US stocks finished little changed yesterday as disappointing outlooks from healthcare companies offset strong earnings from Morgan Stanley and Apple.
Healthcare stocks took a beating after both Abbott Laboratories and Gilead cut profit forecasts.
Both Abbott and Gilead cited the impact of costs from US healthcare reform in their outlooks.
The two represented a setback in an otherwise upbeat earnings season so far. “We still have a lot more news on how healthcare stocks are going to be affected. Slowly people will figure out winners and losers as the law gets implemented,” said Giri Cherukuri, head trader at OakBrook Investments Lisle, Illinois. “With all the good earnings we’ve had lately, you’re getting a bit of profit-taking.”

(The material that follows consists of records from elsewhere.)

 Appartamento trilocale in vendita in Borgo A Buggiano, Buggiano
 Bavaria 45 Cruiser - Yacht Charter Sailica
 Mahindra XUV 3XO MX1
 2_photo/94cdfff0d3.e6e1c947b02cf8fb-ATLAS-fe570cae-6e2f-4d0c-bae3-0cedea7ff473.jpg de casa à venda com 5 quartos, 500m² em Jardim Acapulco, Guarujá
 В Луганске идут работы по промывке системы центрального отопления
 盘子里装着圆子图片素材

The Dow Jones industrial average edged up 7.86 points, or 0.07 per cent, at 11,124.92.
The Standard & Poor’s 500 Index dipped 1.23 points, or 0.10 per cent, to 1,205.94.
The Nasdaq Composite Index inched up 4.30 points, or 0.17 per cent, to 2,504.61.
After the closing bell, investors received more disappointing outlooks that may pressure the market today. Chipmaker Qualcomm gave a weak forecast for the current quarter and full year, sending its stock down six per cent to $39.95 in after-hours trading.